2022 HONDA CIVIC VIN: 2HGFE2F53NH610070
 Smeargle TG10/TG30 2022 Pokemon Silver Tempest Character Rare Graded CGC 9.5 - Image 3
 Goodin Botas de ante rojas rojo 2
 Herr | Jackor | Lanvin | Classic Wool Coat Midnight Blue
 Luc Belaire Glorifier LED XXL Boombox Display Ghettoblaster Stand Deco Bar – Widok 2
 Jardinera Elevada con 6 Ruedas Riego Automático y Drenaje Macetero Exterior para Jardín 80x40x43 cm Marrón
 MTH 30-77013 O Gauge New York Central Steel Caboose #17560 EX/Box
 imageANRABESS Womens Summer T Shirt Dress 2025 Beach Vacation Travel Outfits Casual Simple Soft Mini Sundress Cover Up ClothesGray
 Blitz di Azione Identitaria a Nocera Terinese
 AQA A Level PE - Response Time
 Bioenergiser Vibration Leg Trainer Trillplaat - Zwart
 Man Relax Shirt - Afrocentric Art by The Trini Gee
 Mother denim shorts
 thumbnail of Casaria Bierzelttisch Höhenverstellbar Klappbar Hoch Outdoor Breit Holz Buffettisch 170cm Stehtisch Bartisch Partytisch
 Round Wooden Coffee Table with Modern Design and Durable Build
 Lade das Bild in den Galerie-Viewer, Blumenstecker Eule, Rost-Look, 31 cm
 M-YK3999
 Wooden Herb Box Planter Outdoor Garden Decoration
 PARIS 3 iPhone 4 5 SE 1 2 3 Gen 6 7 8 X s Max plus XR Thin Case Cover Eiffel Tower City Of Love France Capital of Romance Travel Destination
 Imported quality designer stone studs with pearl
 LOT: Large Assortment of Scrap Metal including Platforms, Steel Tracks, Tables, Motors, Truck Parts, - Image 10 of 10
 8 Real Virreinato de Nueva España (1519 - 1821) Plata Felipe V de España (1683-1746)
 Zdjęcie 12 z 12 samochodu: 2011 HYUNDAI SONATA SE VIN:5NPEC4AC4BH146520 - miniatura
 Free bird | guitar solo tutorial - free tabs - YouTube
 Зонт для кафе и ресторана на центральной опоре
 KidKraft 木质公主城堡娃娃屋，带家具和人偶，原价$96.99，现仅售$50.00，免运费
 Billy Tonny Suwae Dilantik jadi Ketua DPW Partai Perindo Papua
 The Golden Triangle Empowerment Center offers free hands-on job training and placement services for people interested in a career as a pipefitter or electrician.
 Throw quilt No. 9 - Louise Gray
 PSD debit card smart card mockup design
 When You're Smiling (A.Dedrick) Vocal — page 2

> [The problem] Exact copies of the line containing "The Golden Triangle" and of every line after it through the end of the entries are all that should be output.

> [Reply]
 The Golden Triangle Empowerment Center offers free hands-on job training and placement services for people interested in a career as a pipefitter or electrician.
 Throw quilt No. 9 - Louise Gray
 PSD debit card smart card mockup design
 When You're Smiling (A.Dedrick) Vocal — page 2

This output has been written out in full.